The first was the inaction of the state Republican Party Executive Committee at its meeting Saturday. Gov. Ernie Fletcher had called on the party’s chairman, Darrell Brock, to resign. Brock previously worked in the Fletcher administration and was one of the nine people indicted, and later pardoned by Fletcher, for alleged hiring abuses. Brock, however, refused and the executive committee declined to force him out. Afterward, party spokeswoman Jessica Ditto said the committee gave Brock “essentially a vote of confidence.”

Fans of political novels might perceive another hand directing the orchestra. Could rumors of U.S. Sen. Mitch McConnell casting about for an alternative Republican candidate for 2007 be true? If so, did the executive committee try to send a subtle message to the governor that it’s time Fletcher put his party’s interests ahead of his own?

The second story involved Fletcher’s response. He went out of his way to say he is running for re-election in 2007, something he’d previously announced. Some might conclude he was answering a perceived message from McConnell by announcing for the second time he’s running for re-election.

The potential significance of the third story requires more scrutiny. The special grand jury reindicted acting Transportation Cabinet Secretary Bill Nighbert, this time for violations of the law which protects employees who report government abuses from retaliation by superiors. Nighbert was one of the nine indicted and later pardoned. His attorney contends the pardon covers this charge as well, but prosecutors for Attorney General Greg Stumbo said at least part of the alleged violations occurred after the pardon which covered only the period before midnight on Aug. 29.

On Aug. 26, Dan Druen, the only person charged with felony crimes (he, too, was later pardoned), talked to prosecutors.

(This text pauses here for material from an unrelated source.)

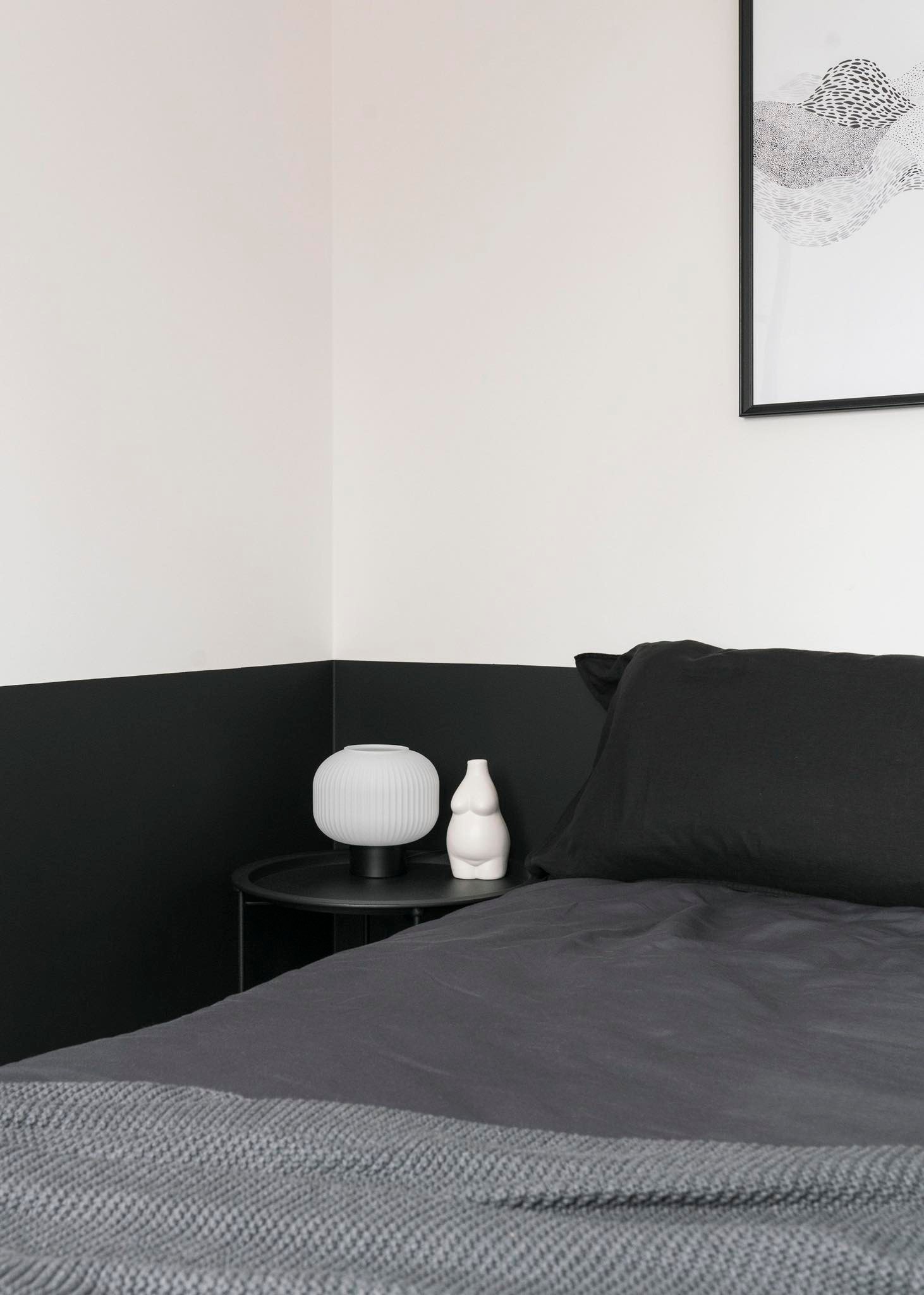 Minimalistyczna sypialnia w Warszawie z czarno-białymi ścianami, szarą pościelą i lampką nocną na czarnym stoliku, uzupełniona abstrakcyjnym obrazem w czarnej ramie.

Stumbo’s staff subsequently filed court documents which included transcripts of that interview. They indicated Druen told them Nighbert personally handed Fletcher a copy of one of the “hit lists” of employees targeted for removal. Is Stumbo trying to squeeze Nighbert so he’ll confirm Druen’s testimony and provide the grand jury enough grist for an indictment of the governor?

It’s all speculation, but understanding political maneuvering requires speculation about motive behind the deed.